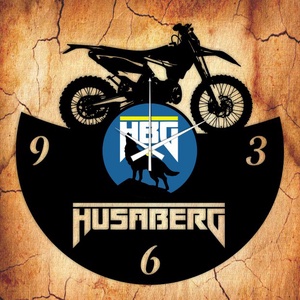 HUSABERG TE250 bakelit óra, egyedi felirattal, Otthon & Lakás, Falióra & óra, Dekoráció, Fali és függő dekoráció, Mindenmás, Újrahasznosított alapanyagból készült termékek, Meska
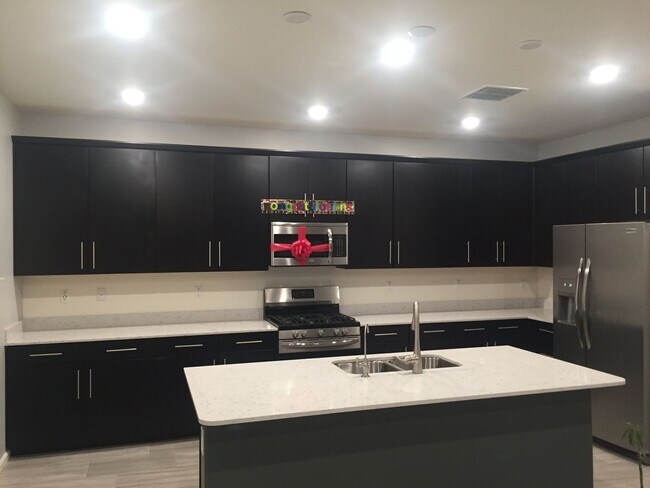 Building Photo - Spacious 5BR House in Phoenix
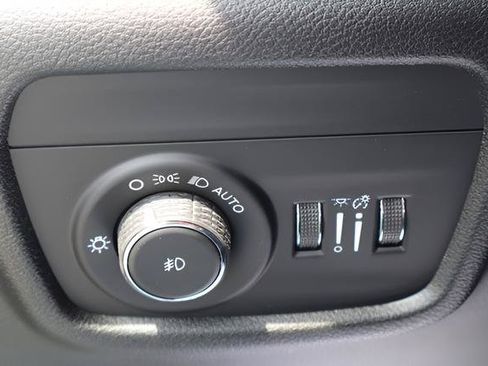 New 2026 Jeep Grand Cherokee L Limited AWD/4WD image 23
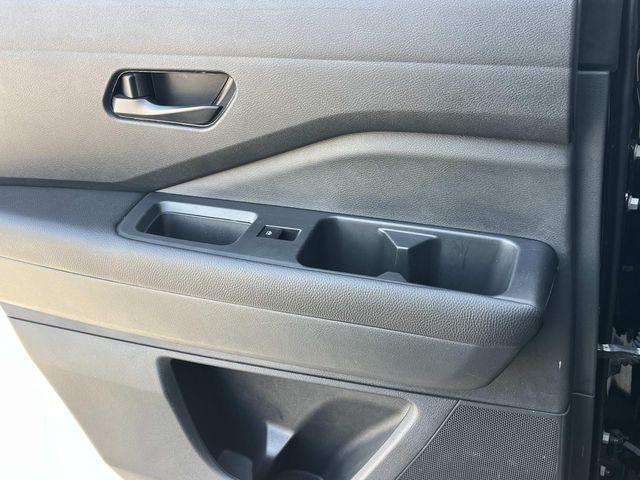 used 2024 Nissan Pathfinder car, priced at $28,070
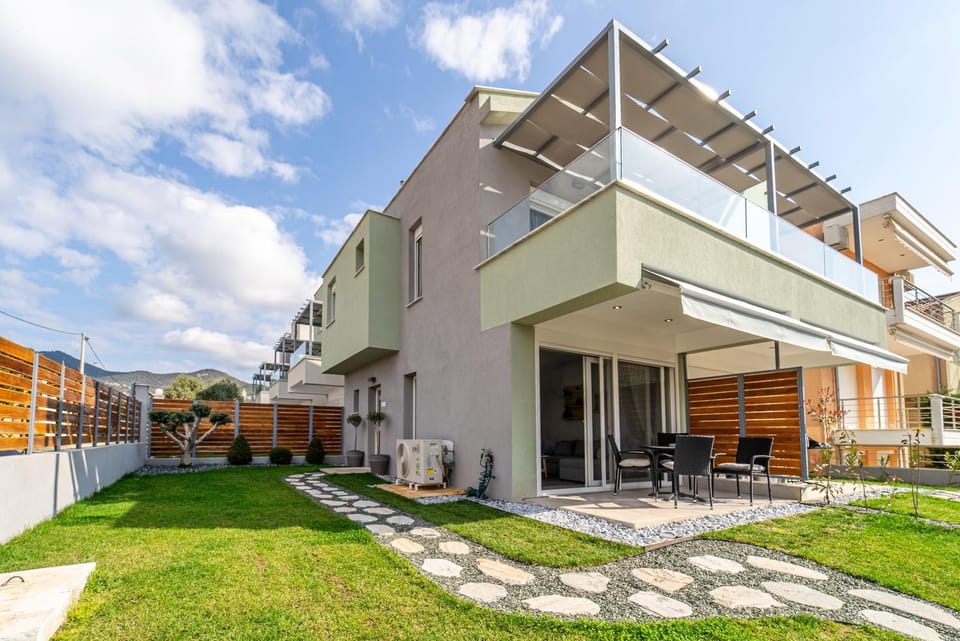 Property building, Patio, Garden view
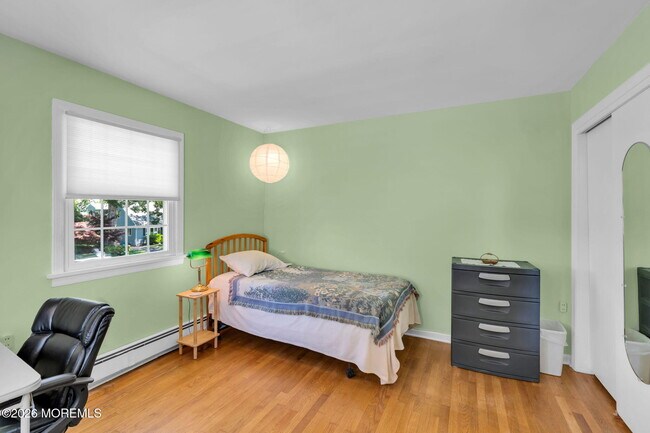 Building Photo - 720 Crescent Pl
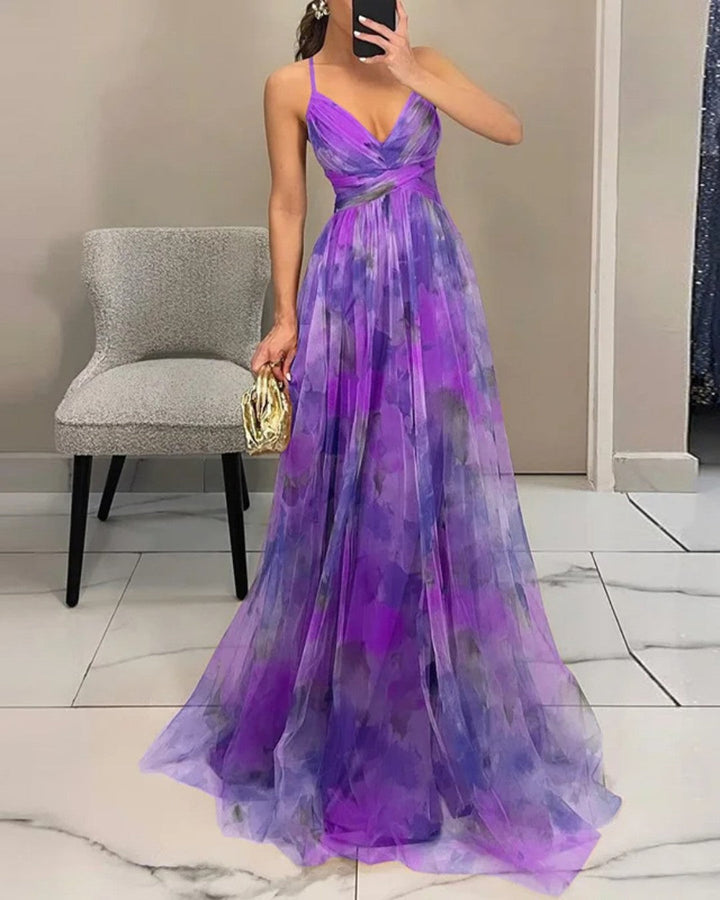 Robe longue florale femme, col V et bretelles, coupe A-line fluide, parfaite pour mariage ou bal.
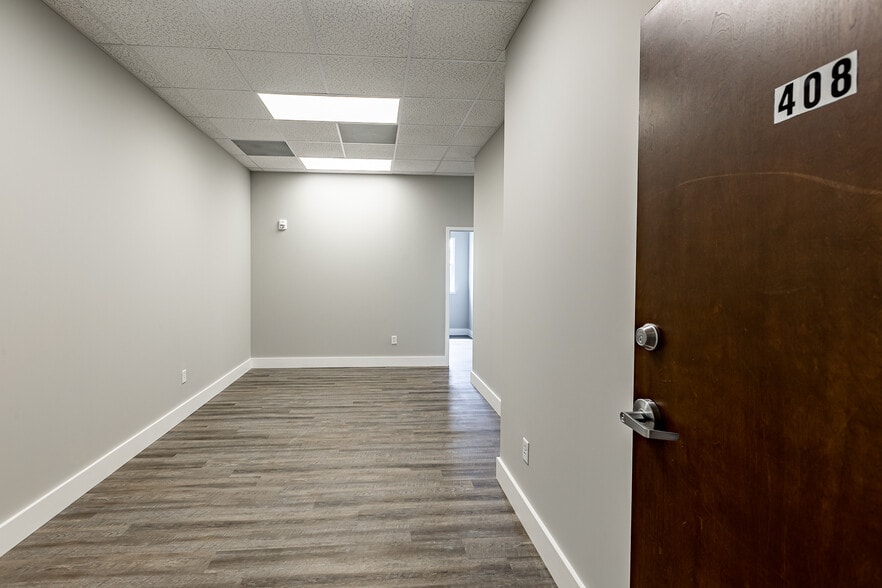 More Photos Of 1500 E Venice Ave, Venice Office For Sale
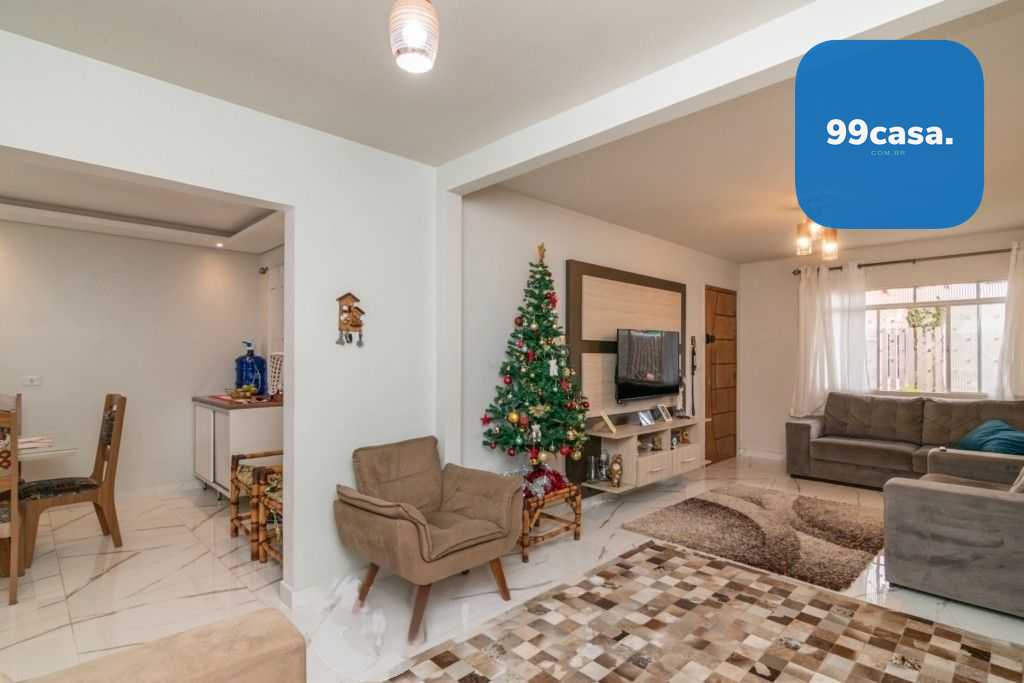 Casa à Venda no Uberaba  3 Dormitórios, Suíte e Terreno Amplo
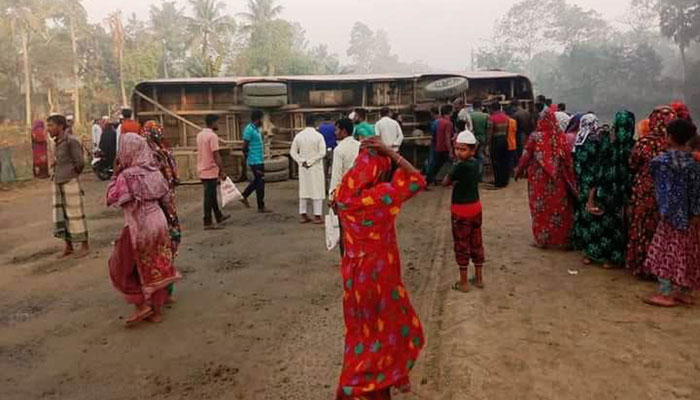 সড়কে যাত্রীবাহী বাস উল্টে নিহত ১, আহত ১৪ সড়কে যাত্রীবাহী বাস উল্টে নিহত ১, আহত ১৪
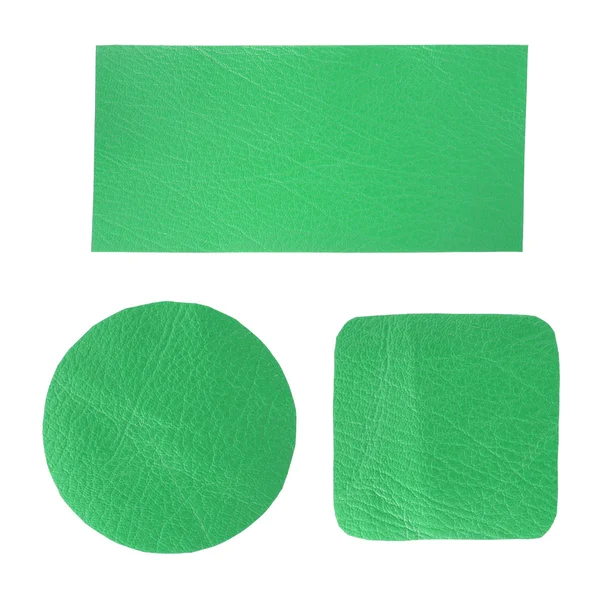 Üres zöld bőr címke elszigetelt fehér a vágás beállítása — Stock Fotó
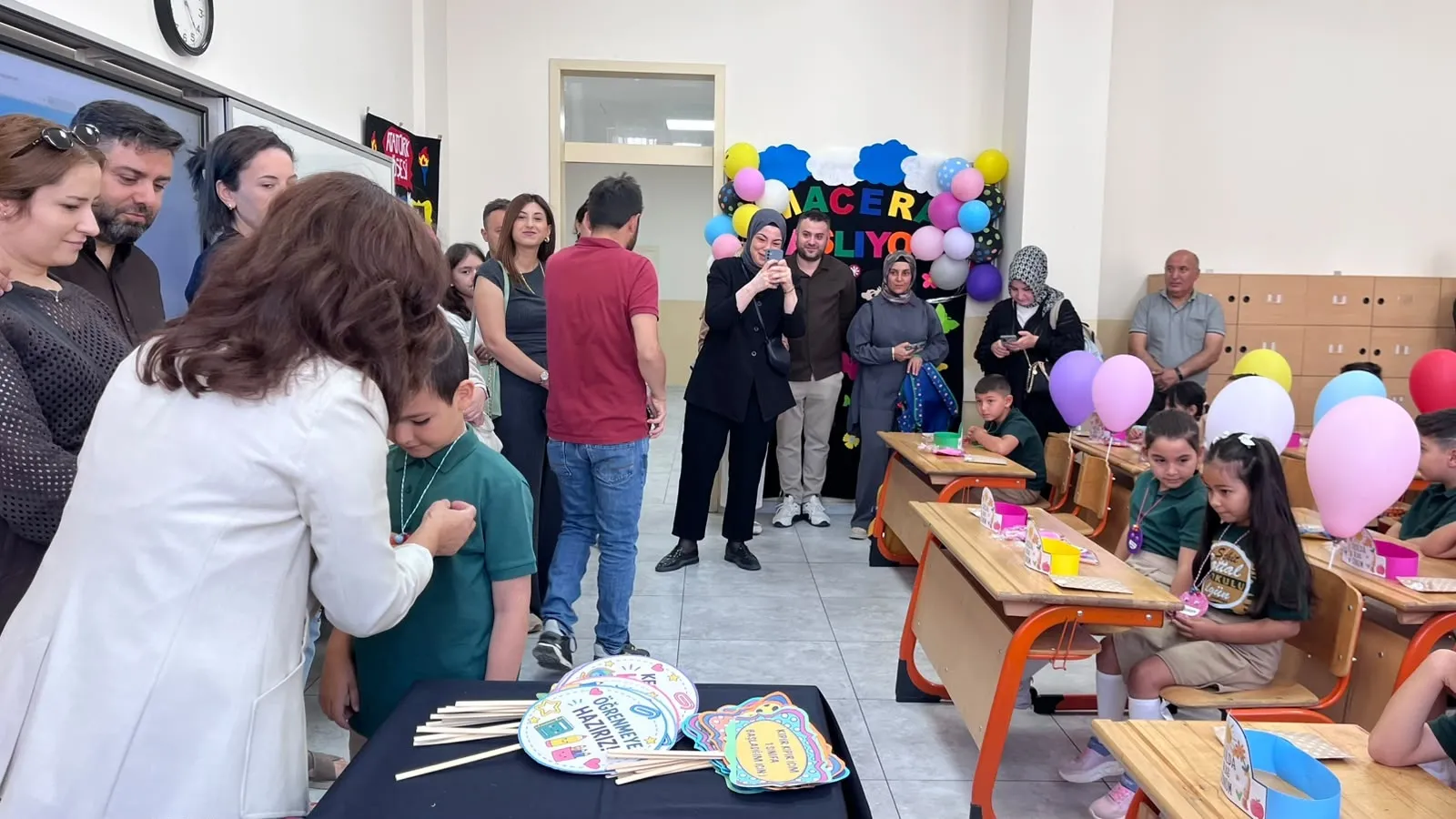 Okul sıralarında ilk heyecan: Milyonlarca öğrenci için uyum süreci start aldı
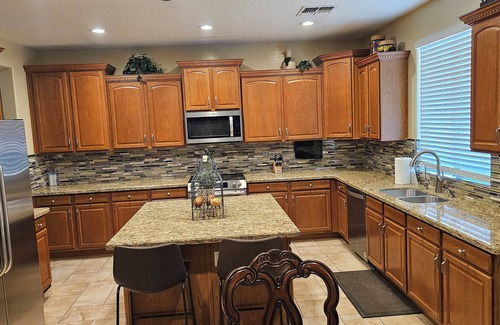 Maryvale Maison | Spacious 5-bedroom house 3 min from Cardinals Stadium and West Gate shopping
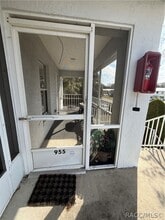 Building Photo - 955 SE Mayo Dr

────────────────

HOW TO COMPLETE THIS TASK: The records above should be returned word for word, with every picture left out.

YOUR RESPONSE:
 HUSABERG TE250 bakelit óra, egyedi felirattal, Otthon & Lakás, Falióra & óra, Dekoráció, Fali és függő dekoráció, Mindenmás, Újrahasznosított alapanyagból készült termékek, Meska
 Building Photo - Spacious 5BR House in Phoenix
 New 2026 Jeep Grand Cherokee L Limited AWD/4WD image 23
 used 2024 Nissan Pathfinder car, priced at $28,070
 Property building, Patio, Garden view
 Building Photo - 720 Crescent Pl
 Robe longue florale femme, col V et bretelles, coupe A-line fluide, parfaite pour mariage ou bal.
 More Photos Of 1500 E Venice Ave, Venice Office For Sale
 Casa à Venda no Uberaba  3 Dormitórios, Suíte e Terreno Amplo
 সড়কে যাত্রীবাহী বাস উল্টে নিহত ১, আহত ১৪ সড়কে যাত্রীবাহী বাস উল্টে নিহত ১, আহত ১৪
 Üres zöld bőr címke elszigetelt fehér a vágás beállítása — Stock Fotó
 Okul sıralarında ilk heyecan: Milyonlarca öğrenci için uyum süreci start aldı
 Maryvale Maison | Spacious 5-bedroom house 3 min from Cardinals Stadium and West Gate shopping
 Building Photo - 955 SE Mayo Dr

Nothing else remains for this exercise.